Police: Civic council chairman is arrested for drunk driving ; Halverson said he had been at wine event, according to report [Florida Times Union]
(Florida Times Union Via Acquire Media NewsEdge) The chairman of the Jacksonville Civic Council was arrested and charged with drunk driving Thursday after an officer saw him weaving on Hendricks Avenue.
Steven Thomas Halverson, president and CEO of The Haskell Co., was stopped about 11:45 p.m. after the officer said he observed the black 2013 Tesla weaving and saw another motorist hit their brakes presumably to avoid a collision, the arrest report said.
The car continued south and at one time a rear wheel rode up on the median. It turned east on Emerson Avenue then turned south at the intersection of Philips Highway and stopped after the officer engaged the emergency lights. After the stop, Halverson said he had been at a wine event and was traveling from home to Walmart. He said he split a bottle of wine with someone and had his last drink at 8:30 p.m. To explain his driving, he told the officer the car was new and might have contributed to his having difficulty maintaining a single lane. He said he would drive with "loved ones" in his condition and doubted he was over the legal limit to drive. The arrest report does not indicate a blood-alcohol level.
The Civic Council is a nonprofit comprised of 58 corporate leaders.
Halverson, 59, has been instrumental in the Civic Council's vocal stance on the city's effort toward pension reform. He and the Civic Council recently proposed the city borrow up to $1 billion as part of a strategy to make it easier for the city to pay pension benefits over the long term.

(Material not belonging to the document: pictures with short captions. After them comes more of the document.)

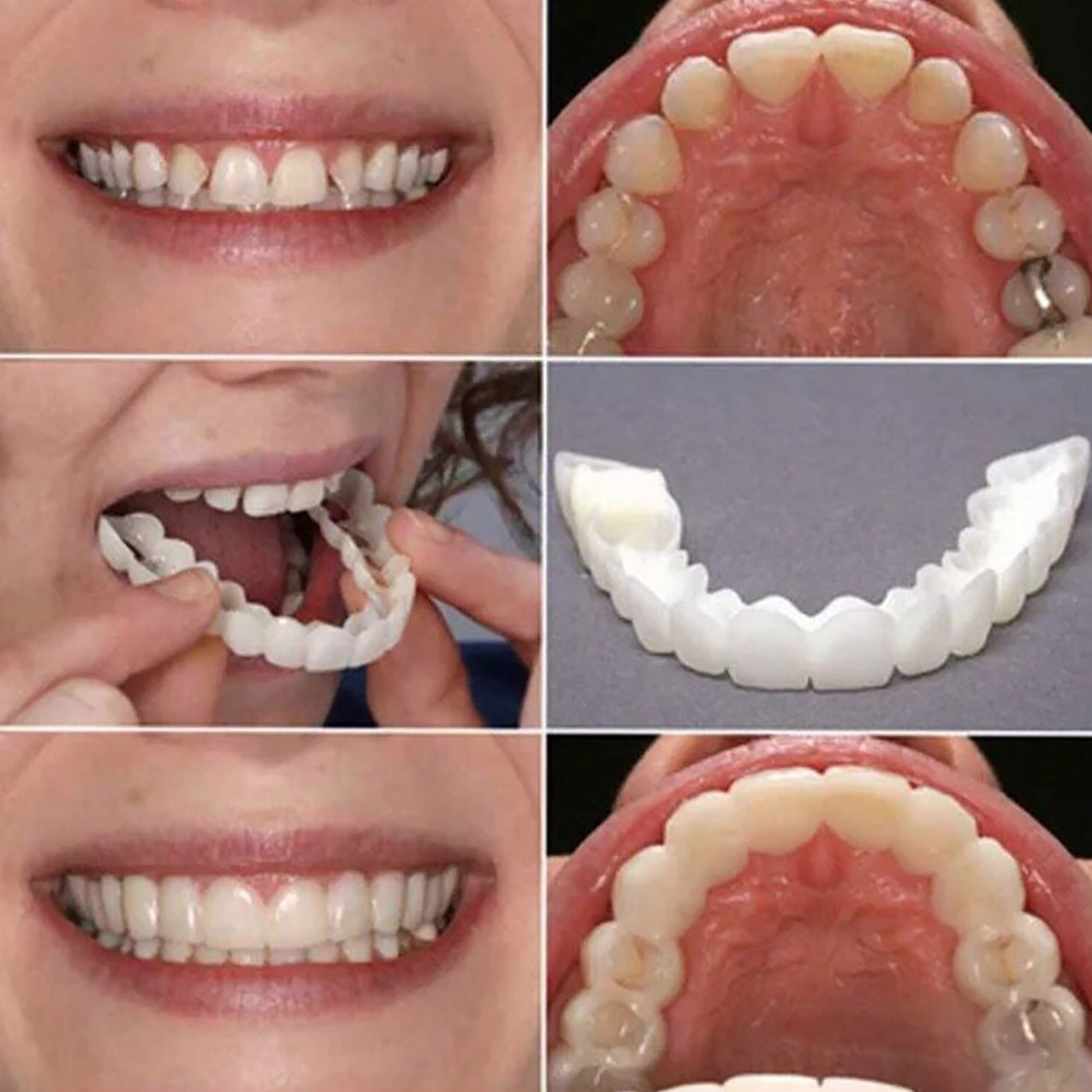 Hot Teeth Veneers Whitening De - Teeth Whitening With Braces 리뷰 및 가격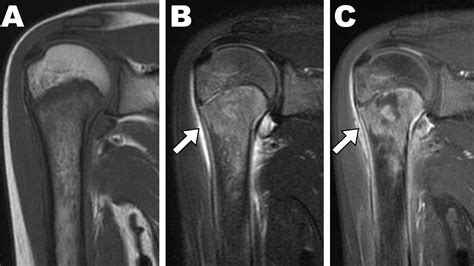 Subperiosteal Abscess with Pediatric Acute Osteomyelitis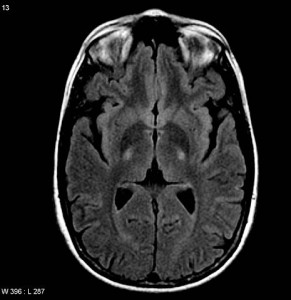 ALS-Kopf-MRT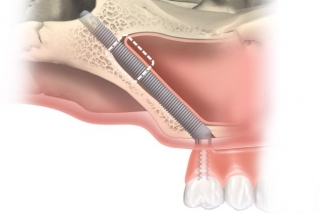 Скуловые имплантаты Nobel Zygoma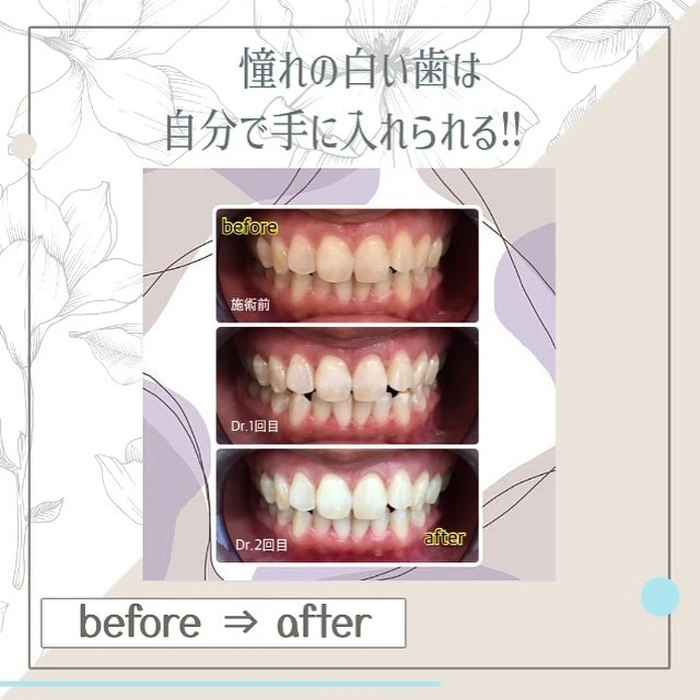 画像561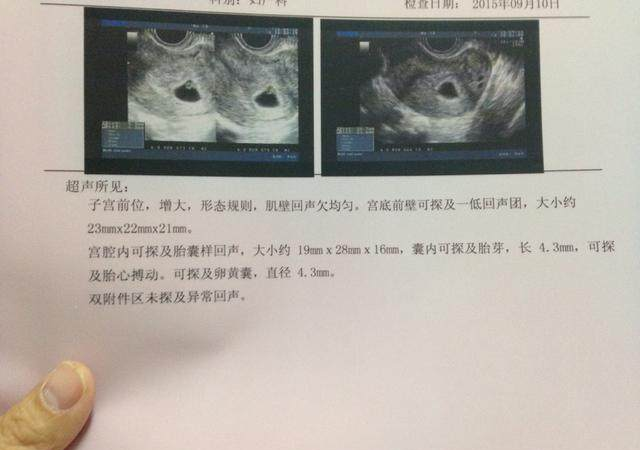看B超数据判断宝宝性别!10个有9个说准!你想知道吗?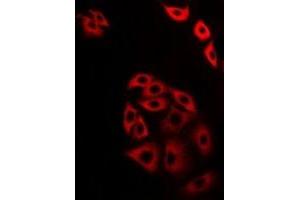 Immunofluorescent analysis of ATG13 staining in A549 cells. (ATG13 抗体)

Halverson in May was awarded the OneJax 2013 Silver Medallion Humanitarian Award for work with Jacksonville University, St. Joseph's University, Regis University and the University of North Florida, along with charitable organizations.
"I take this matter very seriously and I accept full responsibility for my actions," Halverson said in a comment emailed to the Times-Union. "I am profoundly sorry. I fully acknowledge my responsibility to model a high standard of behavior. I ask for your understanding."Times-Union writers Topher Sanders and Jim Schoettler contributed to this report.